Firstly let me offer you my genuine commiserations that you have found yourself the innocent victim of fraudulent activity. I too have, in the past, been the victim of credit card fraud and I well remember the feelings of both outrage and helplessness I felt at the time it happened. It's all very well to take a sanguine view and say such experiences are a part of modern life but it doesn't take away the shock and distress that it has actually happened to you. I was anything but sanguine if I remember correctly so I do understand some of what you are feeling.

Oh, please; is that patronising, or what?

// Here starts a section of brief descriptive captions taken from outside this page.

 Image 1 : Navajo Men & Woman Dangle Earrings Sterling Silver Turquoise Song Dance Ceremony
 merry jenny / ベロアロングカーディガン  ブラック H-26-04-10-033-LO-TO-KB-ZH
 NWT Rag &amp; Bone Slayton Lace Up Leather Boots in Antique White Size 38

In the circumstances, I believe it is perfectly reasonable of you to demand to know of us what we are doing to prevent further occurrences of this type of fraud. This type of fraud is carried out by criminals already in possession of stolen credit/debit cards and credit/debit card information. It is indeed a fact of modern life that all industries which use credit/debit card payment schemes are subject to some risk of fraud - it's not just BT Cellnet or the pre-pay mobile phone industry. I would point out that it's in our own interests to try to combat fraud because, bear in mind, we too are victims in this scenario - while the credit/debit card company will reimburse you fully, BT Cellnet is in turn required to reimburse the credit/debit company.

Yes, it is just BT Cellnet who have such a lax approach to credit card security. And as J. points out in her reply, BT Cellnet don't reimburse the credit/debit company: they merely (and belatedly) return the money they took. That's not reimbursement.

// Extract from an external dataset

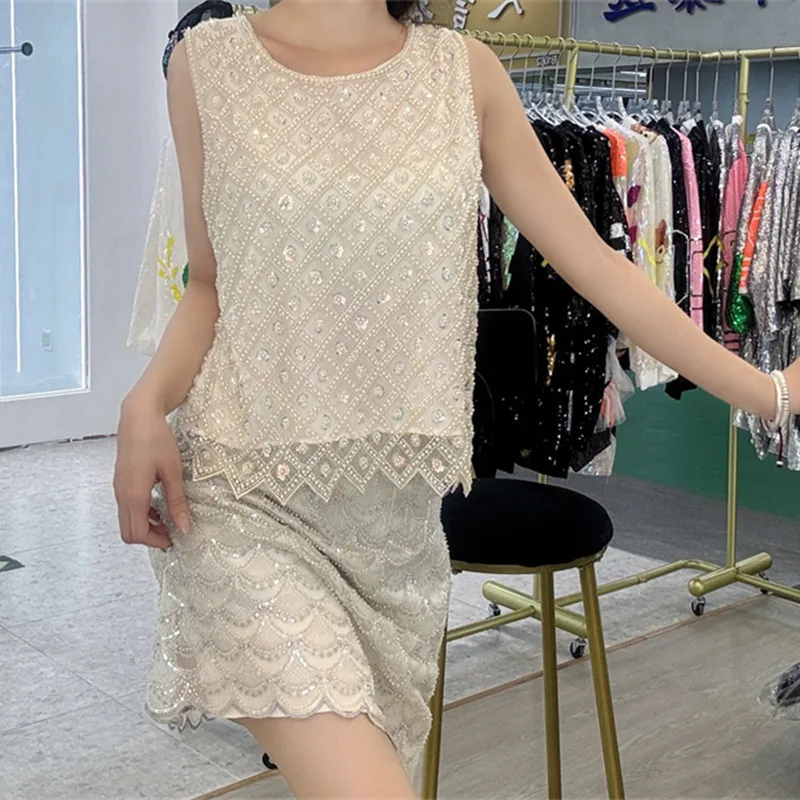 

Summer New Nightclub Streetwear Beading Diamonds Women's Wear Sleeveless Sexy Round Neck High Quality Sequin Vest Tops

I do very much want to underline that BT Cellnet takes the matter of security very seriously indeed. We work with the clearing banks and credit/debit card companies to establish security systems which are designed to minimise the incidence of fraud amongst our pre-pay customers. The effectiveness of these systems is monitored on an on-going basis.

Yes, it is monitored, and both Barclaycard and APACS (the Association for Payment Clearing Services) are unhappy with BT Cellnet's arrangements. It's disingenuous of Cellnet to say (as they do below) that their procedures "have been developed in conjunction with and approved by the credit card companies themselves". That statement refers only to Cellnet's own authorisation with their own Merchant Acquirer's (bank) computer to ensure that the card used is not on a "hot" list or over its credit limit, simply to protect Cellnet. It does nothing to protect the innocent cardholder, such as J.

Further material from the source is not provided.